There's a point beyond which the characters take on their own lives, leaving you wringing your hands at their shenanigans! Waiting eagerly for the next update on The Book!

Mason Canyon said...

Sounds like you are on a good track now. Sometimes the characters will take on a life of their own. Maybe somewhere along the way the character will realize how bad smoking is and make a point of quitting. Who knows. Good luck.

Anonymous said...

was just wondering if you told your character 'no, you naughty girl, you may not smoke - this is the New Millennium!' would she do it anyway?


as one of your readers, I apologize for the awesomeness of the silence - know how it feels - but it was necessary to get it all in my head before commenting - you had the joy of living with your personae for months - the reader gets it all at once!

anyway, let the world know: SHE'S BRILLIANT AT WHAT SHE DOES!!!

Enchanted Oak said...

The discernment and ability to analyze the parts within the whole are great treasures to find in a reader. You have been blessed! I identify with your joy over being given honest, worthwhile direction.

Watery Tart said...

Isn't that waiting AGONIZING? It's nice to have a speedreader friend or two (Leanne is great that way).
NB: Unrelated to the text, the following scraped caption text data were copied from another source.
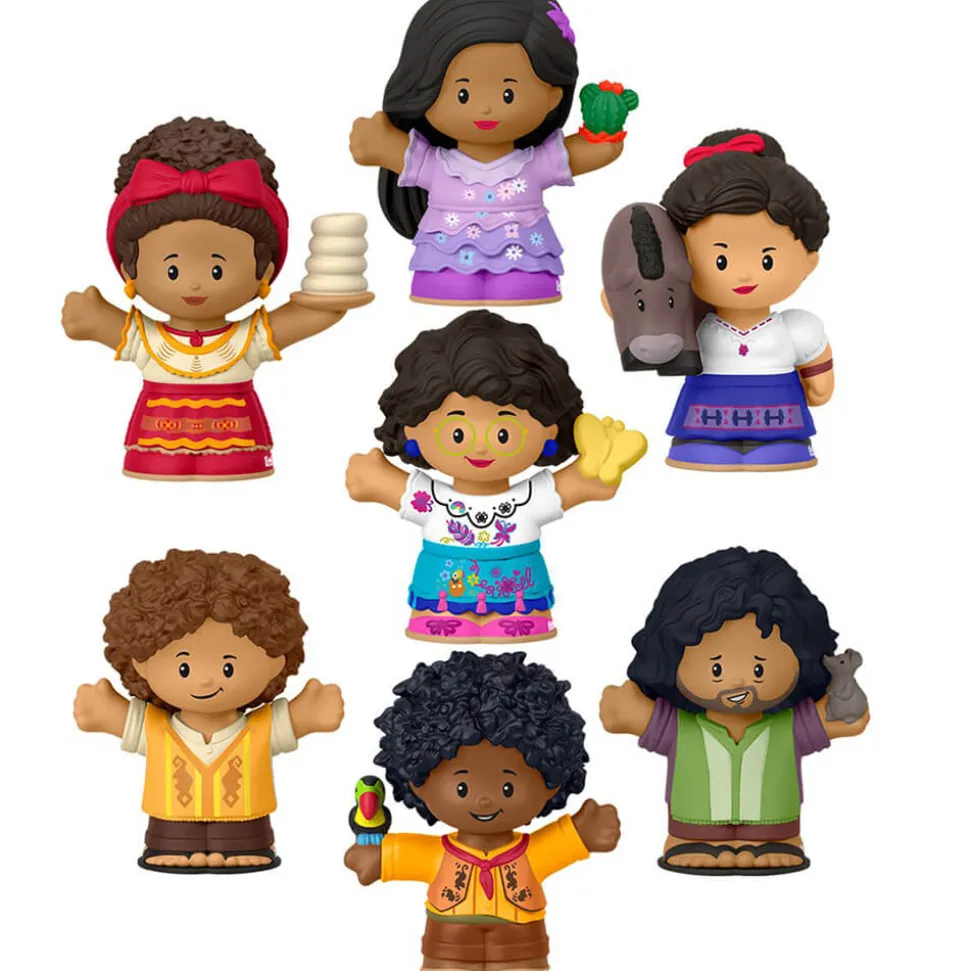 Little People Disney Encanto Figure Pack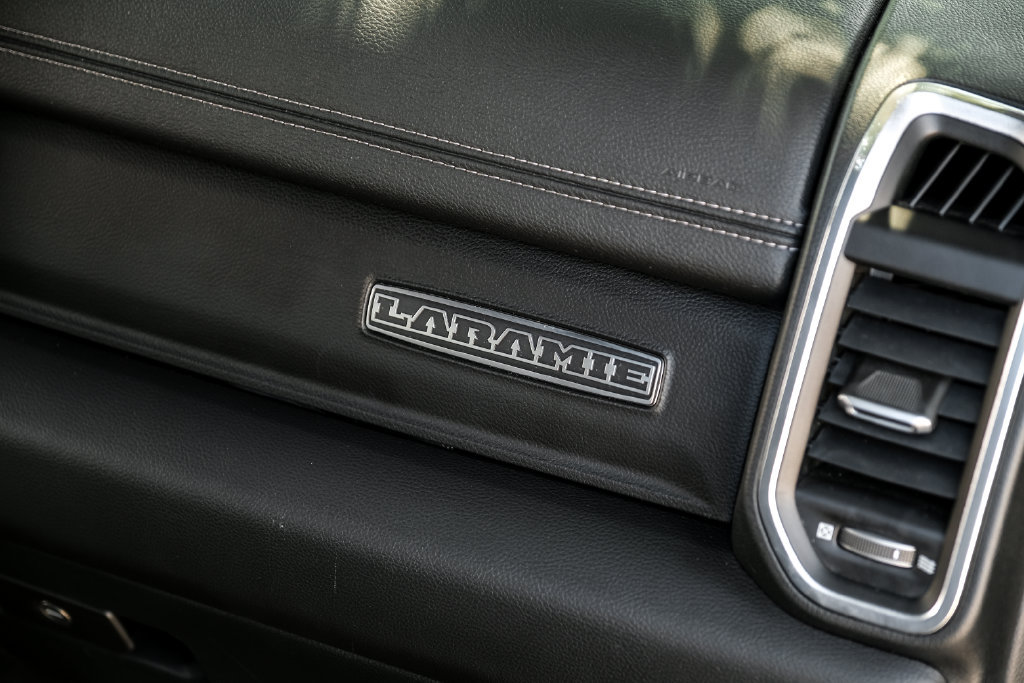 Used 2023 RAM 1500 Laramie AWD/4WD image 42
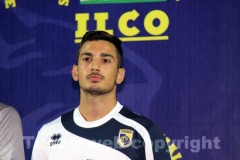 La Viterbese si presenta ai suoi tifosi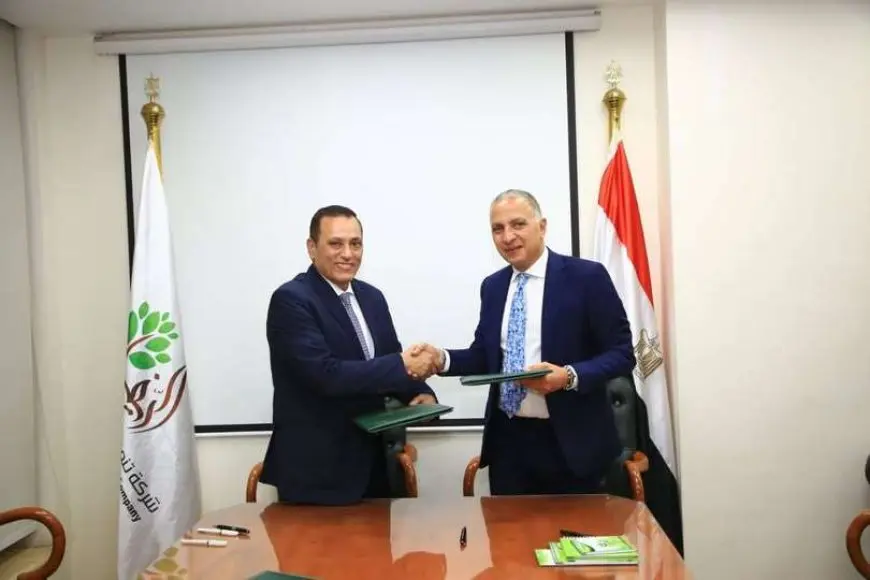 الريف المصري والسويدي يوقعان بروتوكولا لتوفير أجهزة الري والمعدات الزراعية لمستفيدي مشروع الـ1.5 مليون فدان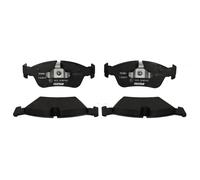 Fits TEXTAR 2393501 Brake Pad Set, disc brake DE stock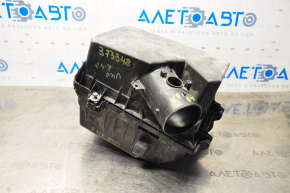 Air filter housing Toyota Camry v40 2.4 without flow meter, broken latch, no fragment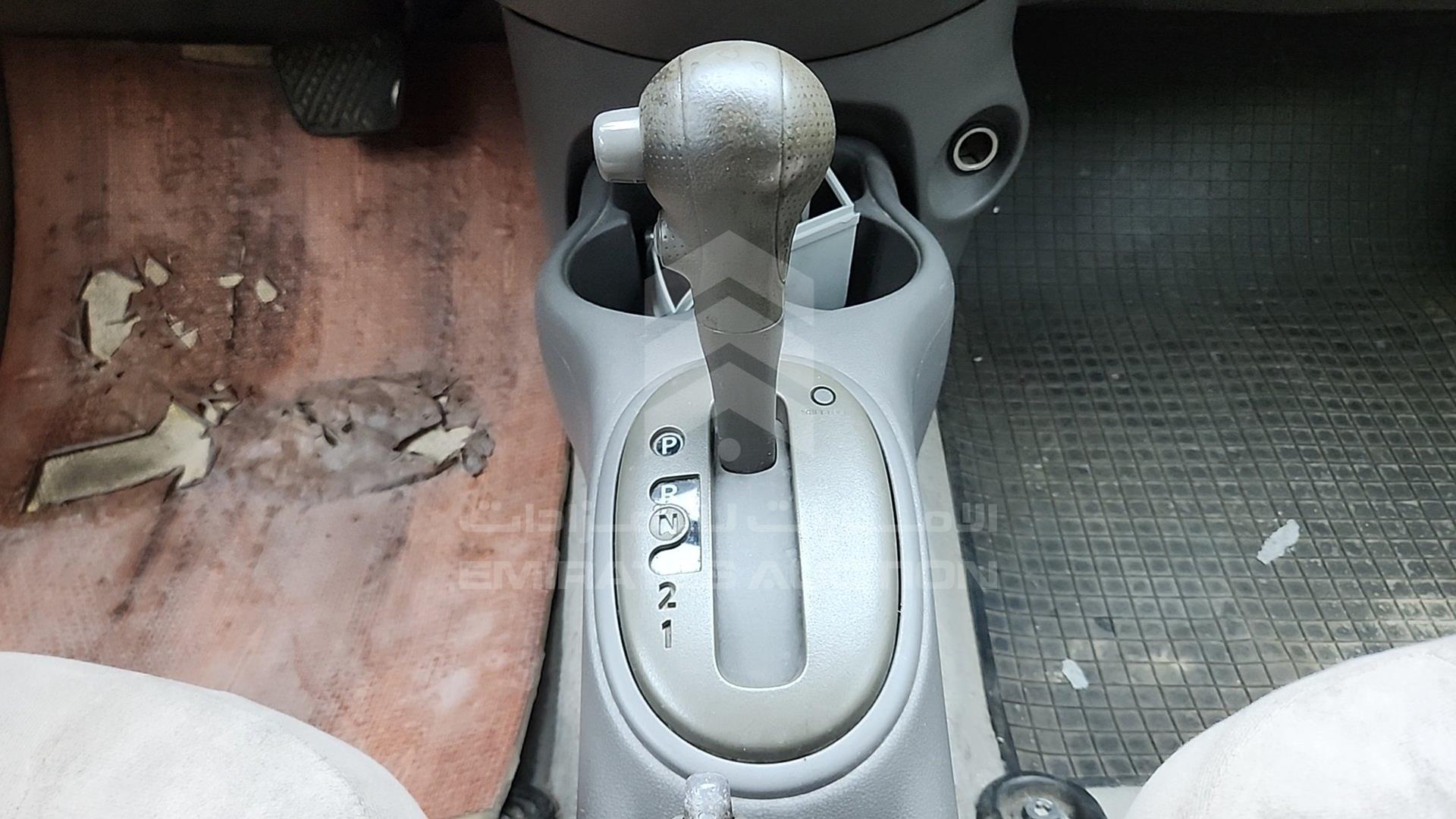 2013 NISSAN SUNNY VIN: MDHBN7AD6DG032159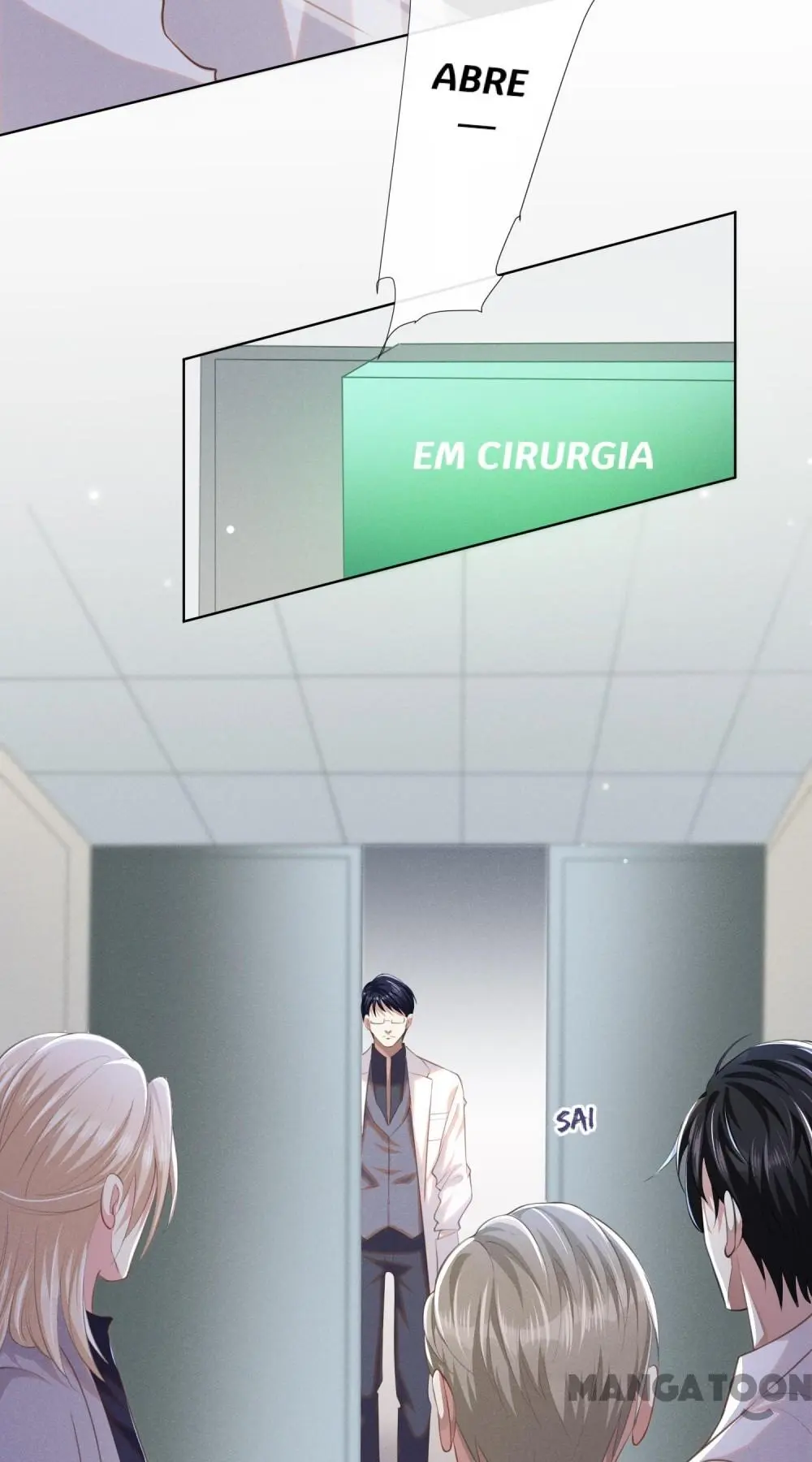 Lótus Negra – Capítulo 81 Yaoi – Página 7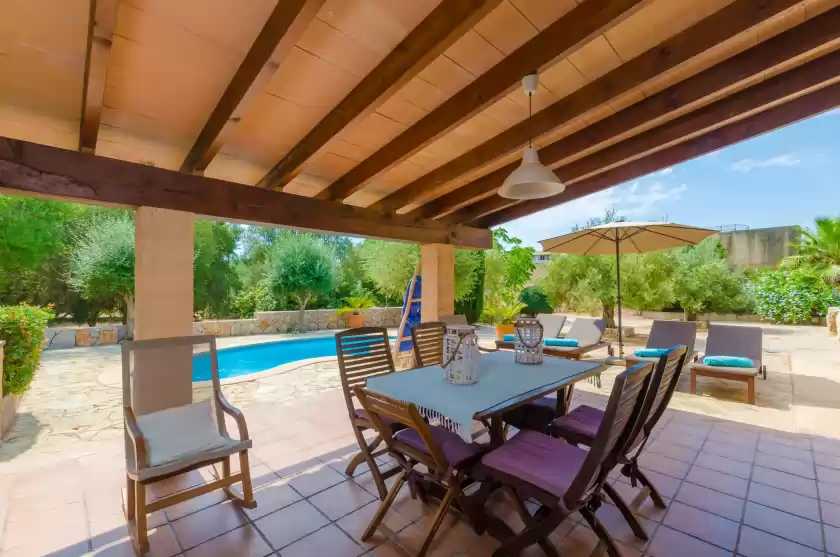 Ferienhaus auf Finca sa plana, Son Servera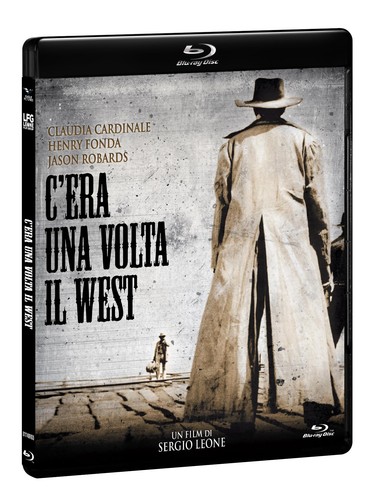 Era una volta - una, west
The excellent feedback though is SO helpful! And I swear next draft I shouldn't be on such a tight schedule!

(and I may have written 4, but 3 of those still need extensive work--only one done)

Faith Pray said...

It's so exciting to have a project you believe in, and so frightening to trust others with it. So, first of all, great job putting it out there! Secondly, it sounds like she had really good feedback. Have you heard back from anyone else, though, because you might want to hear from your other proof-ers to see if their ideas are similar or different. This could save you a little bit of time in the long run. Great for you!

Rayna M. Iyer said...

@ Dipali - you have the summary today :-) Turned off the internet and worked on that all weekend, and found your comment only after posting the summary.

@ Mason - yes, it is fantastic to receive feedback at last. All this while I was actually wondering if it was so bad that people were too scared to even tell me about it.

@ Marian - if I tell Malathi she shouldn't smoke, she will feel even more guilty about doing it than she now does. But knowing it is really an emotional vent for her, I don't think I will tell her not to - after all, the new baby may make her give it up more than any sermonising can.
And your feedback, Marian, was precious. Because you liked exactly the parts that I liked. Maybe I should aim for a book I like, rather than one that is all that a book should be.

@ Chris - like you, I cherish honesty more than almost anything else. And I wanted that more than I did anything else.

@ Tami - The waiting *is* agonizing. Didn't you blog about that too sometime? I wanted to link back to your post, but couldn't find it :-(
And the next time I offer to read something, I get back with quick comments immediately. Now I know how wrenching the wait can be.

@ Faith - I was really lucky, I heard back from another wonderful person the very next day, and she likes many of the things which my other friend did not like. Maybe I just go with my gut feeling?